What do you like to tour on vacation? There are always historical sites, new restaurants, or unique spots that you can’t ever find anywhere else. However, one of the things the girls and I like to tour through are the ancient cemeteries. It always fascinates me what you can learn about an area just by strolling through the local graveyards. Did a plague hit at one point? Some major catastrophe? How many people were of the same name? History is quite often revealed through the tombstones.
It’s also a fun place to scare the unsuspecting. When our oldest was about four, we took a family trip to St. Augustine and walked around the historic district. In order to get to a shop my mother wanted to get to we had to pass through a cemetery. Of course, we had to slow down and look around. Nathan, my father and myself stuck together while the rest wandered around browsing the dates and names on the tombstones. At one point we came upon a grave with a flat slab of stone over it, but time and the weather had done its damage and the lid to the concrete coffin had been pushed up and to the side. A small hole had been created that allowed you to see down into the darkness of the grave. Nathan, my four-year-old, was staring intently down into the hole and I couldn’t help myself. I leaned down and whispered, “Look. One got out.”
His eyes went wide and he clung to his grandfather’s hand with all of his might. “Can we go get a soda now?”

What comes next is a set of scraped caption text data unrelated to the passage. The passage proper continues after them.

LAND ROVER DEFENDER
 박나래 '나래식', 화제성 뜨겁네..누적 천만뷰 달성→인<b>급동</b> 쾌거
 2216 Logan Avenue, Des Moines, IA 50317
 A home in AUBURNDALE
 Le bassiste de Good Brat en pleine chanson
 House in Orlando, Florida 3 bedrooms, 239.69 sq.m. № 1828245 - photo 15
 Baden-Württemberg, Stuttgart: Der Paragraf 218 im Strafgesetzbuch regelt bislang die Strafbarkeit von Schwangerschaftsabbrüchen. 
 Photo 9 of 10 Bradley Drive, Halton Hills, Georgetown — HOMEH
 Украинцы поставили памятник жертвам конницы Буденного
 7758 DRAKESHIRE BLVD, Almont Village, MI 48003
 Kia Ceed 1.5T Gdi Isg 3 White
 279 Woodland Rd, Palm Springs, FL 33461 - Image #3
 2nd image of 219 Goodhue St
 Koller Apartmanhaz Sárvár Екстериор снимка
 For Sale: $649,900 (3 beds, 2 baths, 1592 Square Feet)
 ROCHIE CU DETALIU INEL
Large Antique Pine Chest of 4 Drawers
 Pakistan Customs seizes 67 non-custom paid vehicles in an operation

Of course, my dad chuckled and said sure. Char slugged me in the shoulder and called me a bully. However, it did not stop our cemetery wandering, not even Nathan.
On our recent trip to Savannah, we walked through the Colonial Park Cemetery and saw the weather- worn tombstones and family vaults that polka dotted the ground. Some of the carvings had been faded and worn down by the elements, but still there were names to be found and plaques had been put up to help those with the graveyard bent to find facts that would make the trip worthwhile. The tombstones varied from the normal ones that stood at the head of the gravesite to flat on the ground slabs and even large vaults that piled the family members on top of each other like sardines in a can. As I stared at the vaults I wondered if the family had been that close in life, because they were now stuck to each other in death.
|Does this mean he never finished his prison term?|
The cemetery was established for the Christ Church Parish around 1750 but about forty years later in 1789 it was opened up to all denominations. I suppose after death there should be no discrimination. The Yellow Fever epidemic of 1820 saw 700 people buried there and many who had died due to dueling deaths, which ranged from 1740 to 1877, also found their final resting place there. However, it was closed in 1853 before the Civil War began and no confederate soldiers can be found there. Union soldiers ransacked and looted the graveyard during the Union occupation of Savannah and it is rumored they even changed some of the dates on the headstones.
Of course, as with most cemeteries, Colonial Park has its share of ghost stories. One of the most popular is that of Rene Asche Rondolier. Rene was an orphan, severely disfigured, who seemed to always be at the cemetery. When the bodies of two girls had been found in the cemetery, Rene was the obvious villain since he practically lived in the cemetery. Citizens grabbed him, dragged him out to the swamps where they lynched him and left him for dead. However, afterward, bodies continued to show up in the cemetery. People now accused Rene’s ghost.
|The Circle of Life|
We toured and wandered, snapping pictures and reading tombstones, until we made it out the other side and could safely continue our journey.
However, just on the other side of the metal gate that surrounded the Colonial Park Cemetery was, to me, the oddest site–a playground. I just stared. Wasn’t it odd to have a children’s playground outside of a cemetery? It just seemed to be a tad on the morbid side to me, but others said it was a great display of the circle of life. It is rumored that the playground resides on what was once the dueling grounds of Savannah when dueling was legal. I imagine that a playground is a much better use of the land than a killing field for men who couldn’t solve their problems with one another other than killing someone. Still, it seems off to me.
We said goodbye to those buried in Colonial Park Cemetery as we continued our trek to our next tourist destination–St. John’s Cathedral. It made sense to me, visiting a church after a graveyard. Usually it is the other way around. Of course, nowadays it seems as if they are one and the same, but that’s another post for another time.